Please visit each of the previous links for more information on each data source.
git/GitHub
Use of git/GitHub is optional for this homework. However, I would like to encourage you to use these tools to help you become more fluent with them, and in particular their use in collaborating. I am therefore offering a small amount of extra credit (3 points) for all group members who complete this homework collaboratively. To obtain the three points extra credit, you must:
- Have more than two group members
- Use branching
- Use issues
- Have evidence in your commit history that all members contributed to the homework roughly equally
This is optional, but will provide you a small amount of “buffer” if you happen to lose points elsewhere on the lab.
Getting Started
You can download the tidytuesday data using one of the following approaches:
library(tidyverse)
transit_cost <- read_csv('https://raw.githubusercontent.com/rfordatascience/tidytuesday/master/data/2021/2021-01-05/transit_cost.csv')

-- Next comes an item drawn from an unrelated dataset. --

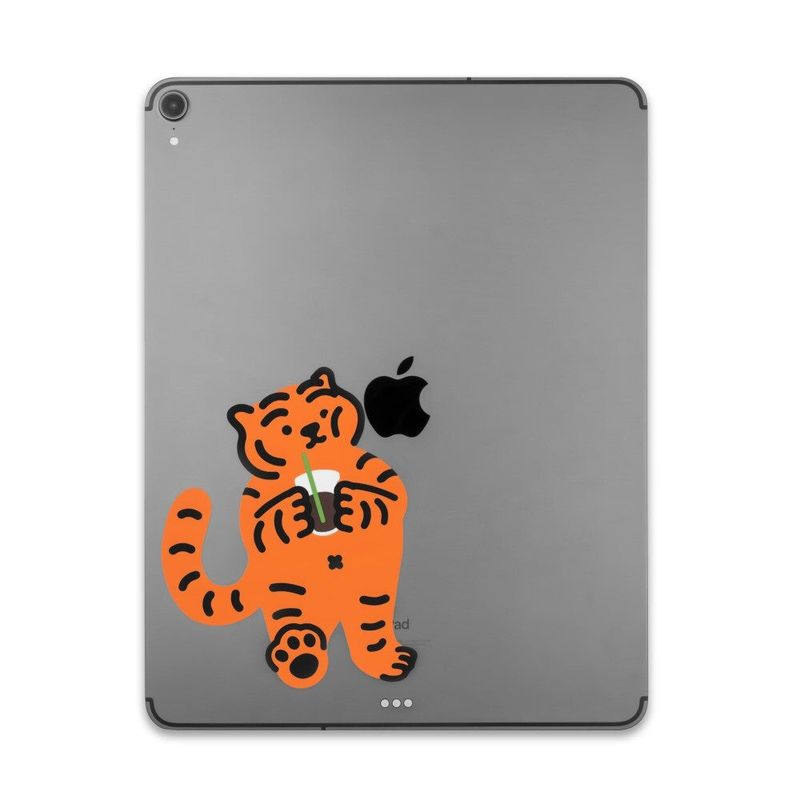 COFFEE TIGER BIG REMOVABLE STICKER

# install.packages("tidytuesdayR")
transit_cost <- tidytuesdayR::tt_load(2021, week = 2)
The Kaggle data can be downloaded either directly from Kaggle or from canvas (it was too large to post on GitHub). Note that if you do download the data directly from Kaggle your plots may not match mine exactly, given that the data are updated daily.
Assignment
- Use the transit costs data to reproduce the following plot. To do so, you will need to do a small amount of data cleaning, then calculate the means and standard errors (of the mean) for each country. To use actual country names, rather than abbreviations, join your dataset with the output from the following
install.packages("countrycode")
country_codes <- countrycode::codelist %>%
select(country_name = country.name.en, country = ecb)
As typical, the reproduction does not need to be identical, just close.
-
Visualize the same relation, but displaying the uncertainty using an alternative method of your choosing.
-
Use the crime dataset to run the following code and fit the corresponding model. Note, it may take a moment to run.
model_data <- crime %>%
mutate(neighborhood_id = relevel(factor(neighborhood_id), ref = "barnum"))

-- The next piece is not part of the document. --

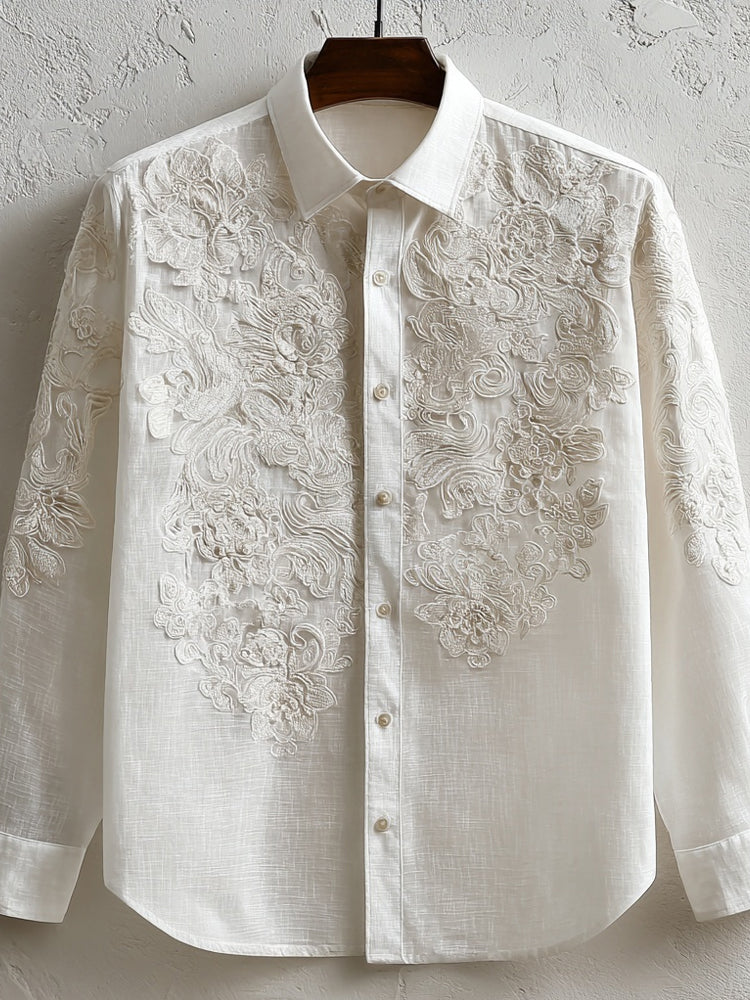 Subtly Elegant Shirt with a Refined Vintage Look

m <- glm(is_crime ~ neighborhood_id,
data = model_data,
family = "binomial")
This model uses neighborhood to predict whether a crime occurred or not. The reference group has been set to the “barnum” neighborhood, and the coefficents are all in comparison to this neighborhood.
Extract the output using broom::tidy
tidied <- broom::tidy(m)
Divide the probability space, [0, 1]
, into even bins of your choosing. For example, for 20 bins I could run the following
ppoints(20)
## [1] 0.025 0.075 0.125 0.175 0.225 0.275 0.325 0.375 0.425 0.475 0.525 0.575
## [13] 0.625 0.675 0.725 0.775 0.825 0.875 0.925 0.975
The coefficients (tidied$estimate
) for each district in the model represent the difference in crime rates between the corresponding neighborhood the Barnum neighborhood. These are reported on a log scale and can be exponentiated to provide the odds. For example the Athmar-Park neighborhood was estimated as 1.13 times more likely to have a crime occur than the Barnum neighborhood. This is the point estimate, which is our “best guess” as to the true difference, and the likelihood of alternative differences are distributed around this point with a standard deviation equal to the standard error. We can simulate data from this distribution, if we choose, or instead just use the distribution to calculate different quantiles.
The qnorm
function transforms probabilities, such as those we generated with ppoints
, into values according to some pre-defined normal distribution (by default it is a standard normal with a mean of zero and standard deviation of 1). For example qnorm(.75, mean = 100, sd = 10)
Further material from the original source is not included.